◆ ABOUT THIS TASK ◆
Beneath this line sits some data. Return only its lines from the one holding "That's the plugin" through the one holding "VeriCut provides full", inclusive, exactly, with the images removed.

◆ RECORDS SUPPLIED ◆
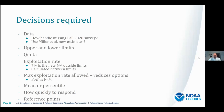Some of the questions that still need to be answered include: how to handle missing data; what to set the upper and lower limits at; what to set the quota at; what to set the exploitation rate outside the limits and what the maximum exploitation rate should be; whether to use the mean value or a percentile from the three surveys; how quickly to respond if the average survey biomass falls outside the limits; and finally, the potential for reference points.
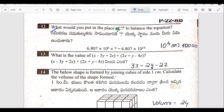You need to balance the equation. What would you put in the place of the blank to balance the equation? The answer is 10 power 4.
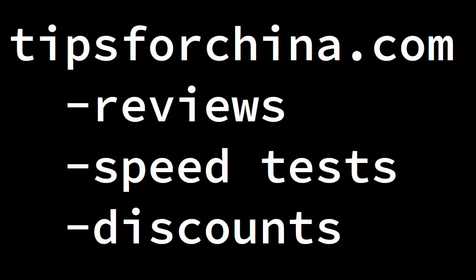Hello there, welcome to another video from tipsforchina.com. Visit tipsforchina.com for all the best VPN reviews and speed tests done from China, as well as the best discounts, coupon codes and special offers.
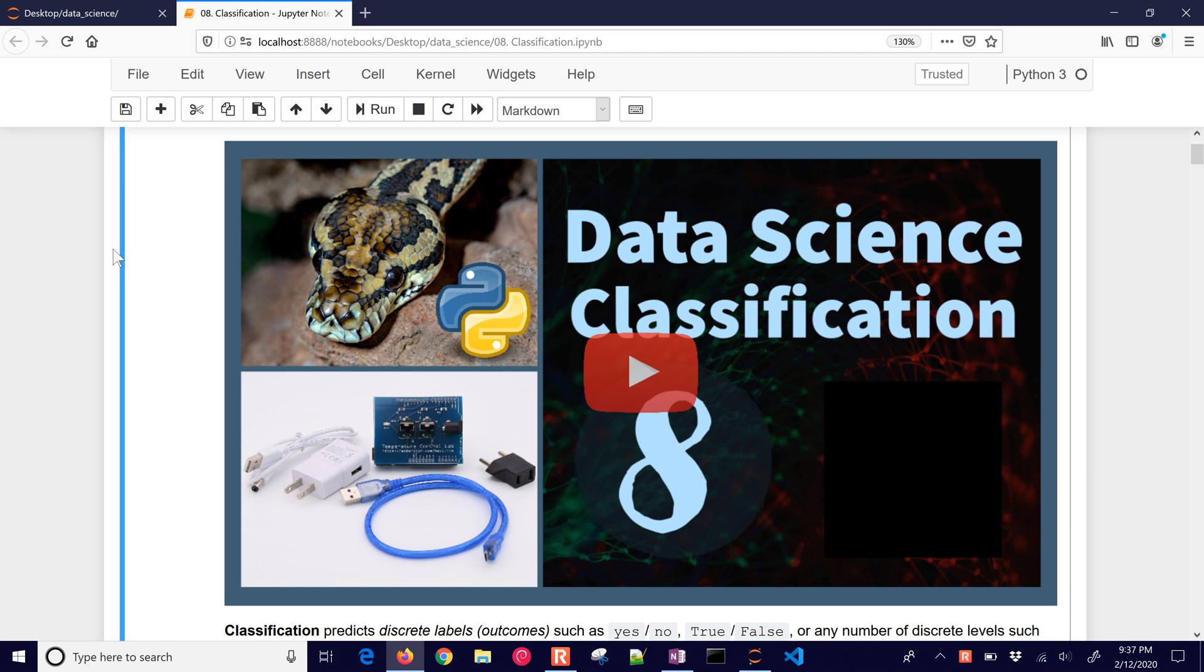This next module is on classification. We've done many things to prepare the data like scale it or cleanse the data, even selecting which features we're going to use. And now we're finally to the point where we can create a classification model and be able to cluster our data.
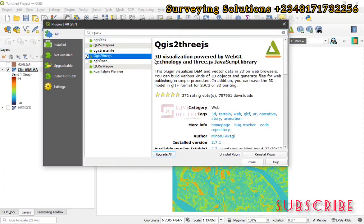That's the plugin we are going to use. It's a 3D visualization powered by WebGL technology. The plugin visualizes raster and vector data in 3D on web browsers, and the web browser part is very important. After we have created the 3D model and exported it, someone who doesn't run QGIS on their system can still access the model and work with it via their web browser. We already have it installed, so there is no need to reinstall.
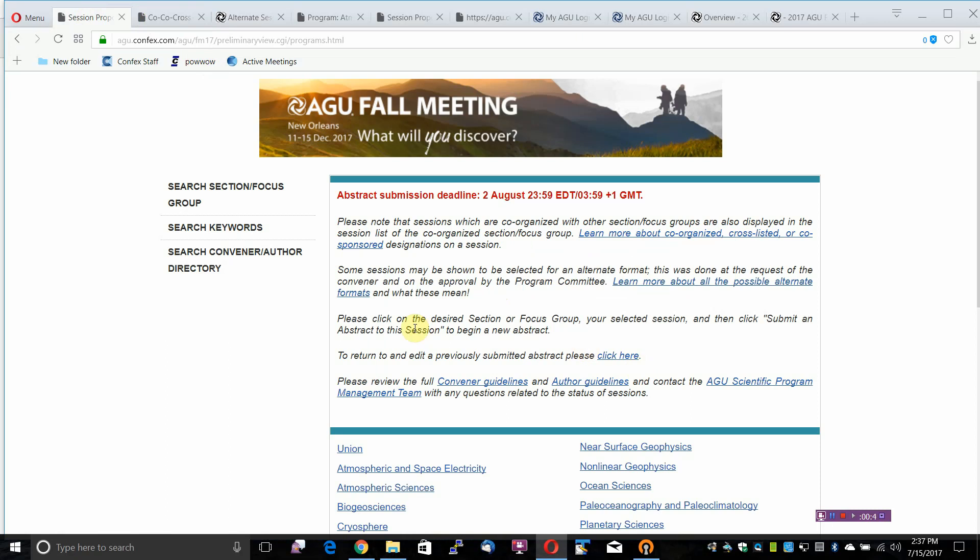Some sessions may be shown to be selected for an alternate format. This was done at the request of the convener and on the approval by the program committee. Learn more about all the possible alternate formats and what these mean.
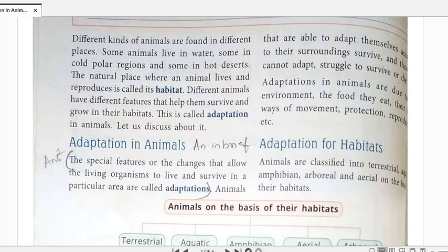So what is adaptation basically? The different features that help animals to survive and grow in their habitat - they are known as adaptations. Now another important word is habitat. Habitat means the natural home of an animal - the place where it grows, lives, and reproduces. That place is known as its habitat.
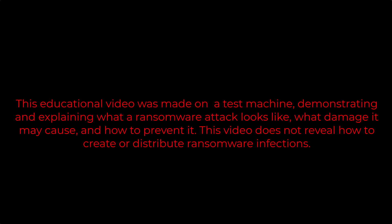This educational video was made on a test machine, demonstrating and explaining what a ransomware attack looks like, what damage it may cause, and how to prevent it. This video does not reveal how to create or distribute ransomware infections.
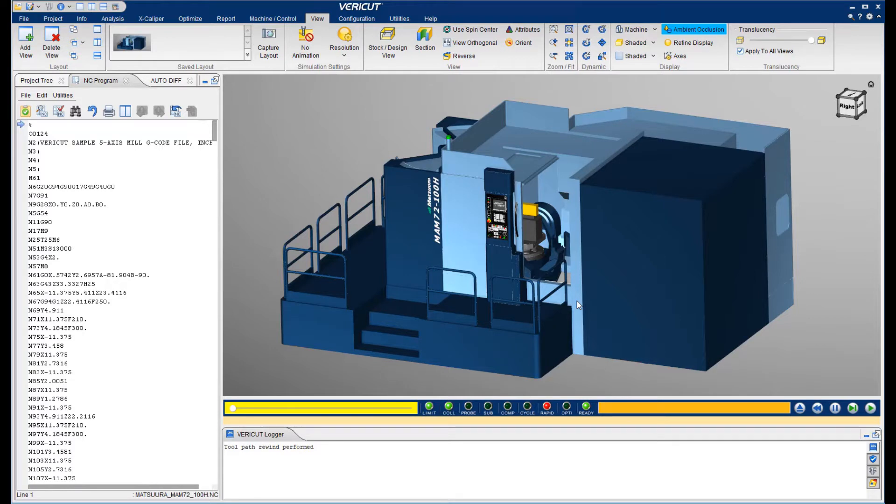VeriCut provides full machine simulation, verification, and optimization in the virtual world. This is accomplished by running the exact same post-process G-code that you send to the shop floor.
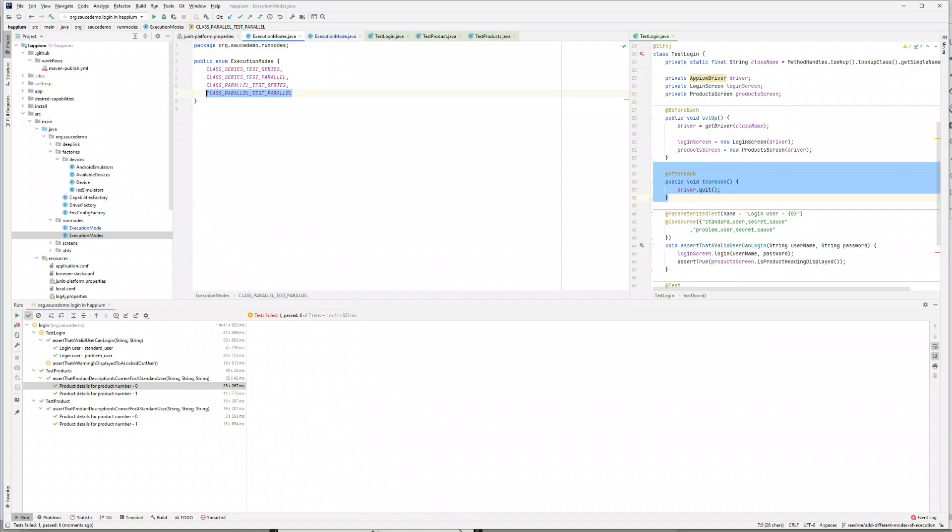And now we can go to the last mode and the final mode, which is like a total beast mode where we could run everything in parallel. Okay, so see you guys in the next video. Bye!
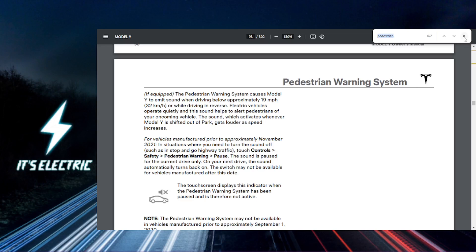All right, Tesla fam, so in today's video I'm going to show you how to customize Tesla pedestrian warning sounds.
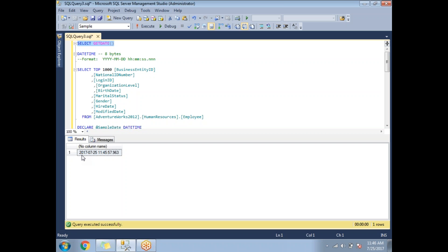DATETIME is one of the famous data types in SQL Server. It helps you store date and time values. For example, you can store a user's login date and time, a person's birth date, a marriage date, or a login timestamp. If you want only the date, you can store just the date; if you need the time as well, you can use this type.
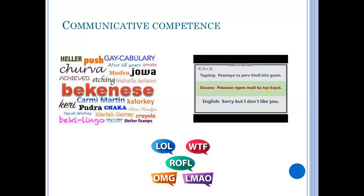We also have slang words used by millennials nowadays, such as LOL, WTF, ROFL, OMG, and LMAO. These words are commonly used in text messages, emails, and social media platforms. LOL stands for 'laugh out loud,' ROFL means 'rolling on the floor laughing,' and LMAO stands for 'laughing my ass out loud.' These are further examples of communicative competence.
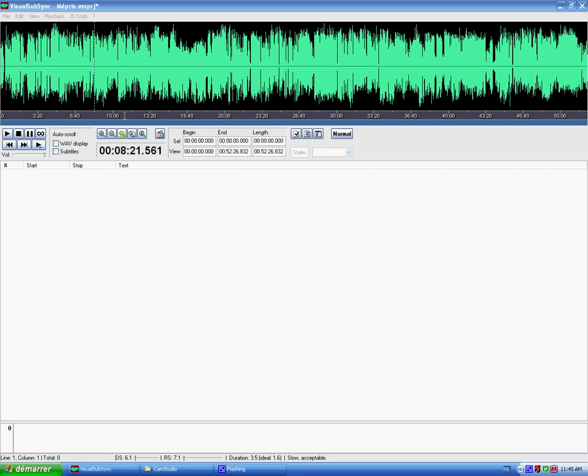Welcome to Visual Sub-Sync tutorial, basic tutorial. Once you've imported your film, I mean extracted the audio file, you have this audio wave thing green here.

◆ ANSWER BELOW ◆
That's the plugin we are going to use. It's a 3D visualization powered by WebGL technology. The plugin visualizes raster and vector data in 3D on web browsers, and the web browser part is very important. After we have created the 3D model and exported it, someone who doesn't run QGIS on their system can still access the model and work with it via their web browser. We already have it installed, so there is no need to reinstall.
Some sessions may be shown to be selected for an alternate format. This was done at the request of the convener and on the approval by the program committee. Learn more about all the possible alternate formats and what these mean.
So what is adaptation basically? The different features that help animals to survive and grow in their habitat - they are known as adaptations. Now another important word is habitat. Habitat means the natural home of an animal - the place where it grows, lives, and reproduces. That place is known as its habitat.
This educational video was made on a test machine, demonstrating and explaining what a ransomware attack looks like, what damage it may cause, and how to prevent it. This video does not reveal how to create or distribute ransomware infections.
VeriCut provides full machine simulation, verification, and optimization in the virtual world. This is accomplished by running the exact same post-process G-code that you send to the shop floor.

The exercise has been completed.